● **What the task asks**
Everything from the line holding "HERMES Togo皮革Kelly 35銀扣手挽肩背兩用袋18 Etoupe" to the end of the listing below should be copied exactly, line for line, minus the pictures.
--- --- ---
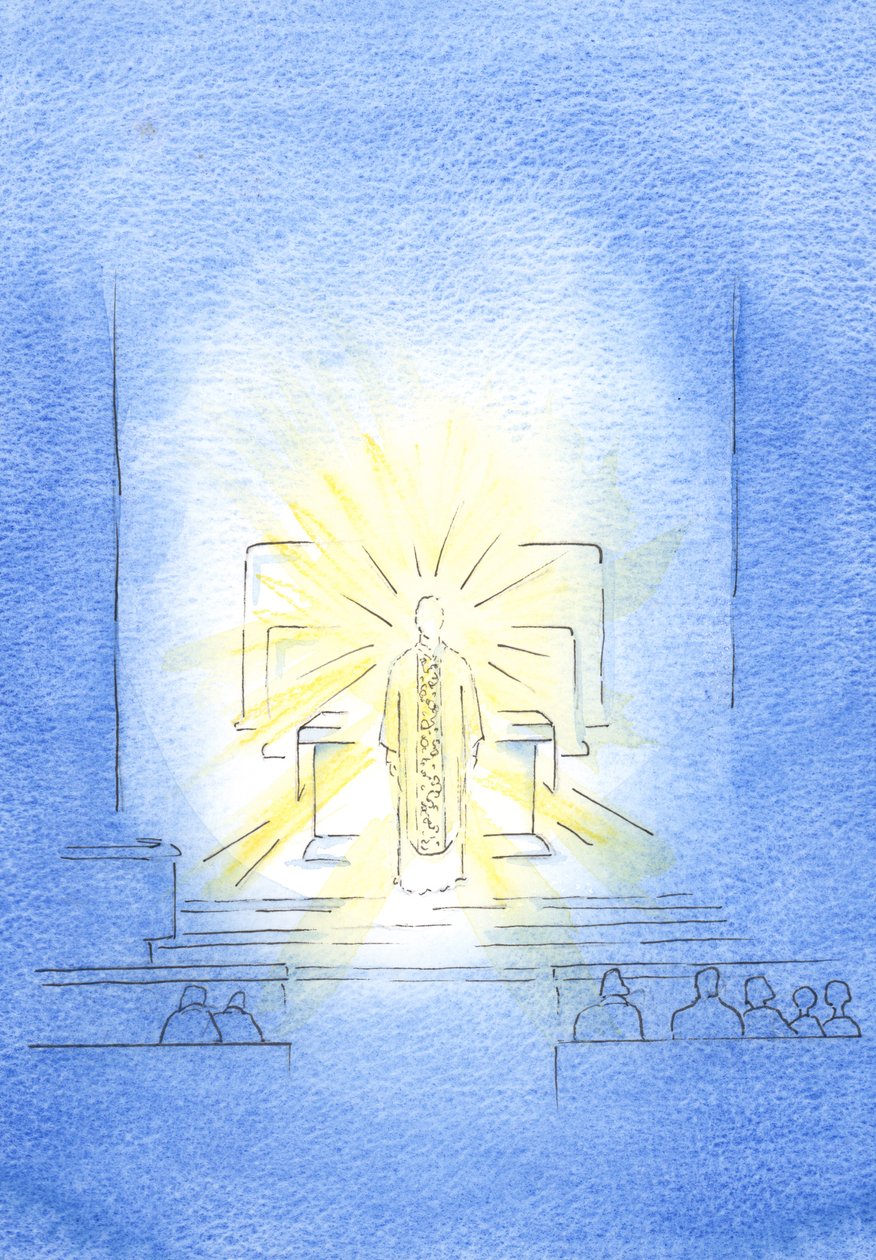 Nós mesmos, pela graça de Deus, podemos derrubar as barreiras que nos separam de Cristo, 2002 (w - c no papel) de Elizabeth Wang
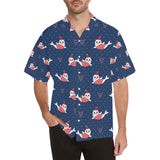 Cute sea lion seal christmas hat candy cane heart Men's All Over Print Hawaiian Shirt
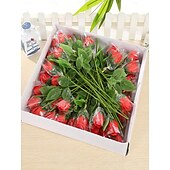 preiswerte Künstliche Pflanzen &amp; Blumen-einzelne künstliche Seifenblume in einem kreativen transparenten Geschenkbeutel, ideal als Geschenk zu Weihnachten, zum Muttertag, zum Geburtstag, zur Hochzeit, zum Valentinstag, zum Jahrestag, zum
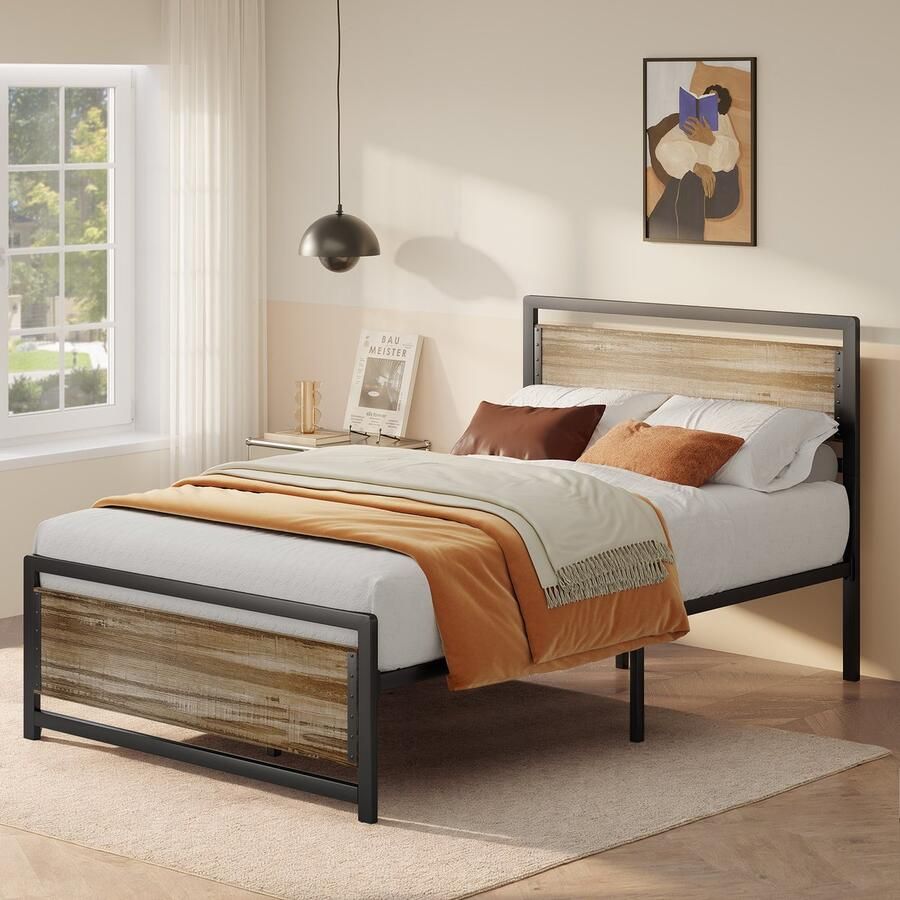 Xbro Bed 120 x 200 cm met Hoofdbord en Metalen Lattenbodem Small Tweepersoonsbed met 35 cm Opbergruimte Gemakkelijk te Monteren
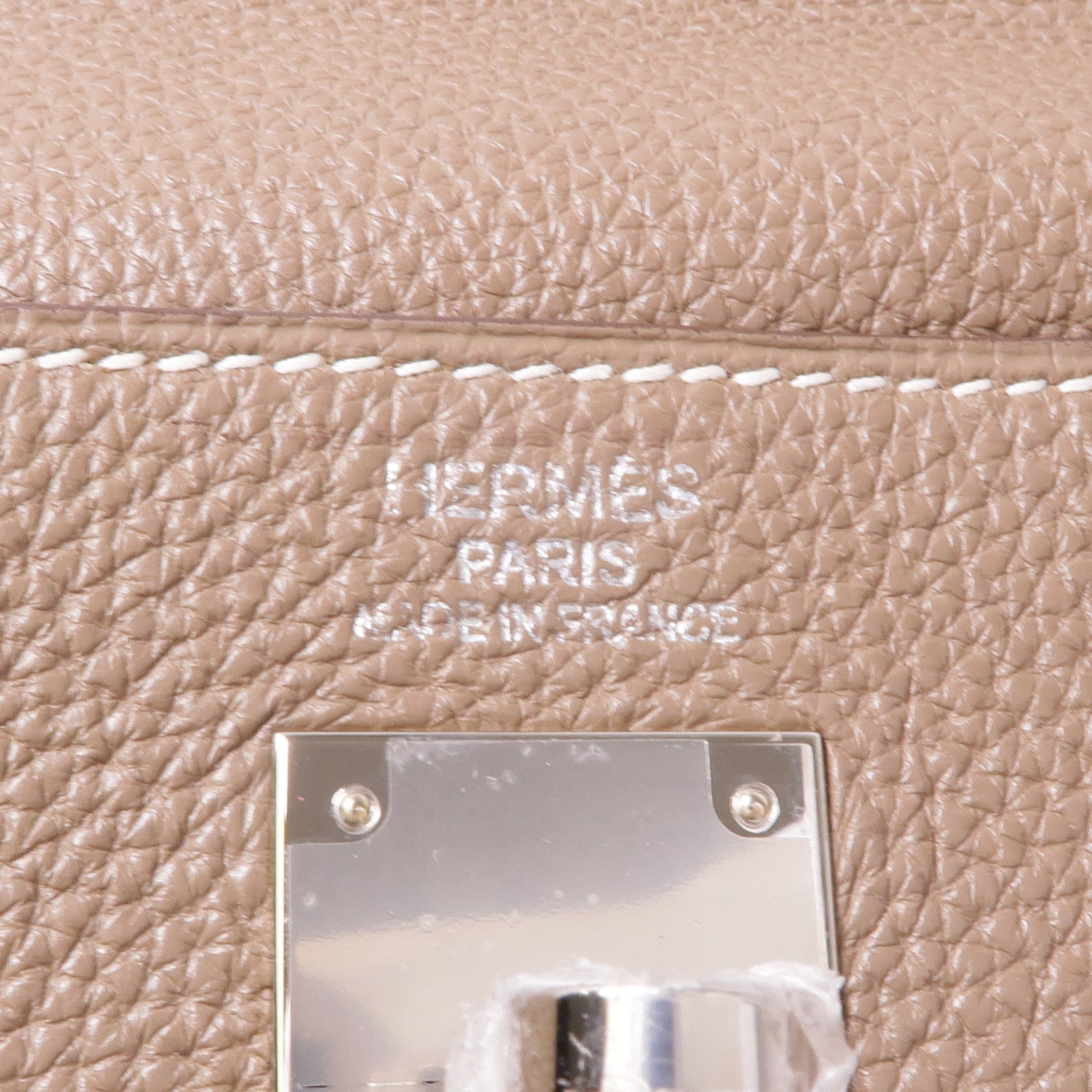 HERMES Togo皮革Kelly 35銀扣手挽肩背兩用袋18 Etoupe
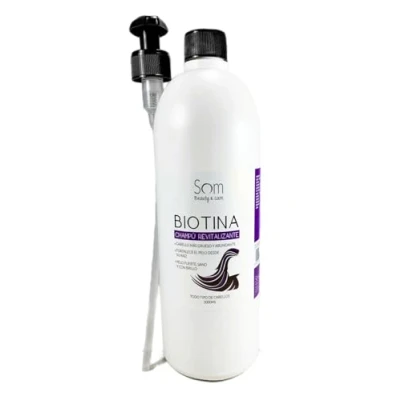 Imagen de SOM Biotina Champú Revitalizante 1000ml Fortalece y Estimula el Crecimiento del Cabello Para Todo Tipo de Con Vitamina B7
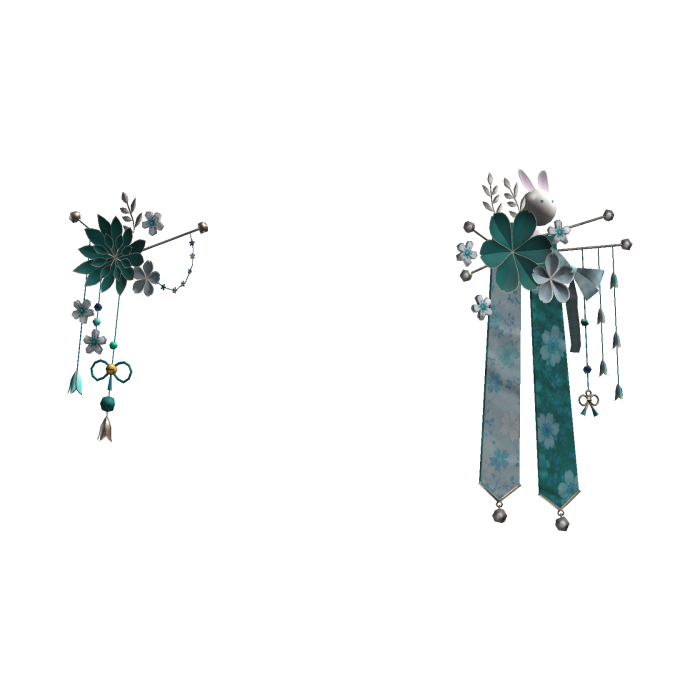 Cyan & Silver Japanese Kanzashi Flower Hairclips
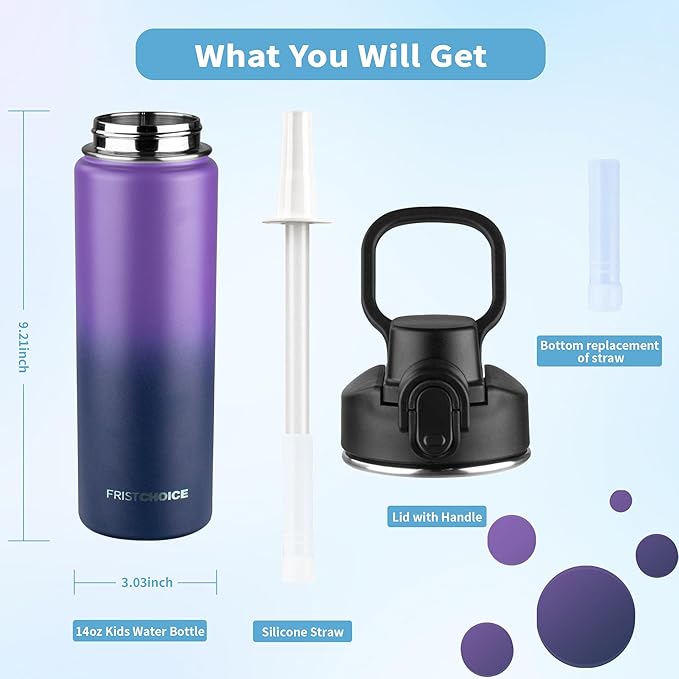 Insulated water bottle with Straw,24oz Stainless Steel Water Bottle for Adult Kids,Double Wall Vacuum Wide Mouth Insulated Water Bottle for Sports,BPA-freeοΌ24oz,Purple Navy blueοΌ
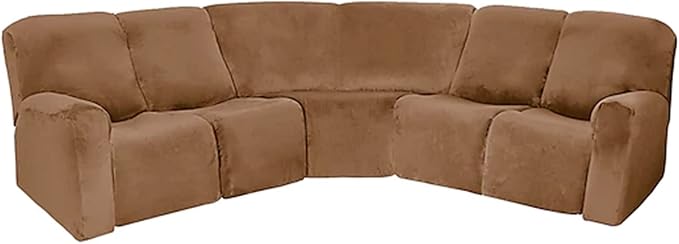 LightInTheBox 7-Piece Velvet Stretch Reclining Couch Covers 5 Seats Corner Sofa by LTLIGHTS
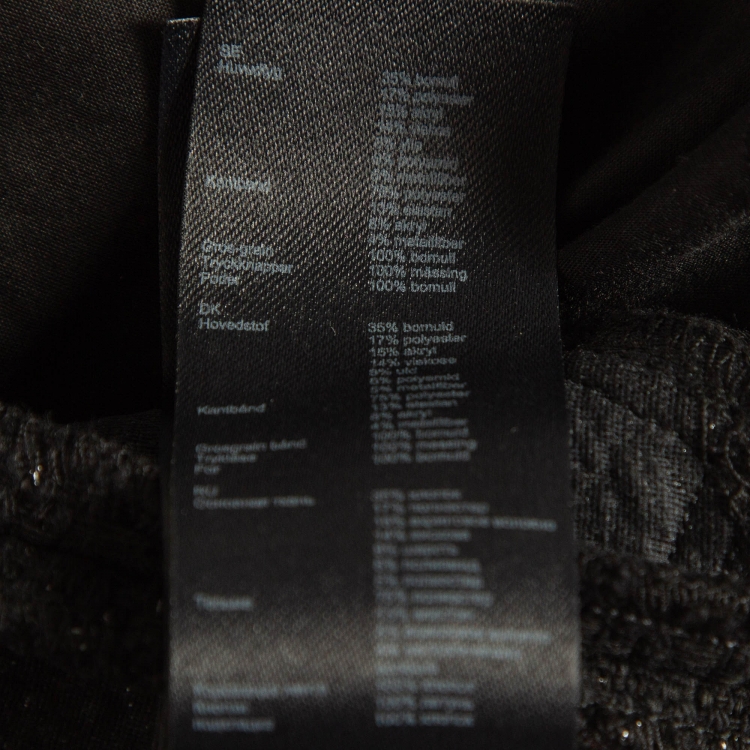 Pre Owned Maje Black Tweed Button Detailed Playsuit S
--- --- ---
● **Answer box**
 HERMES Togo皮革Kelly 35銀扣手挽肩背兩用袋18 Etoupe
 Imagen de SOM Biotina Champú Revitalizante 1000ml Fortalece y Estimula el Crecimiento del Cabello Para Todo Tipo de Con Vitamina B7
 Cyan & Silver Japanese Kanzashi Flower Hairclips
 Insulated water bottle with Straw,24oz Stainless Steel Water Bottle for Adult Kids,Double Wall Vacuum Wide Mouth Insulated Water Bottle for Sports,BPA-freeοΌ24oz,Purple Navy blueοΌ
 LightInTheBox 7-Piece Velvet Stretch Reclining Couch Covers 5 Seats Corner Sofa by LTLIGHTS
 Pre Owned Maje Black Tweed Button Detailed Playsuit S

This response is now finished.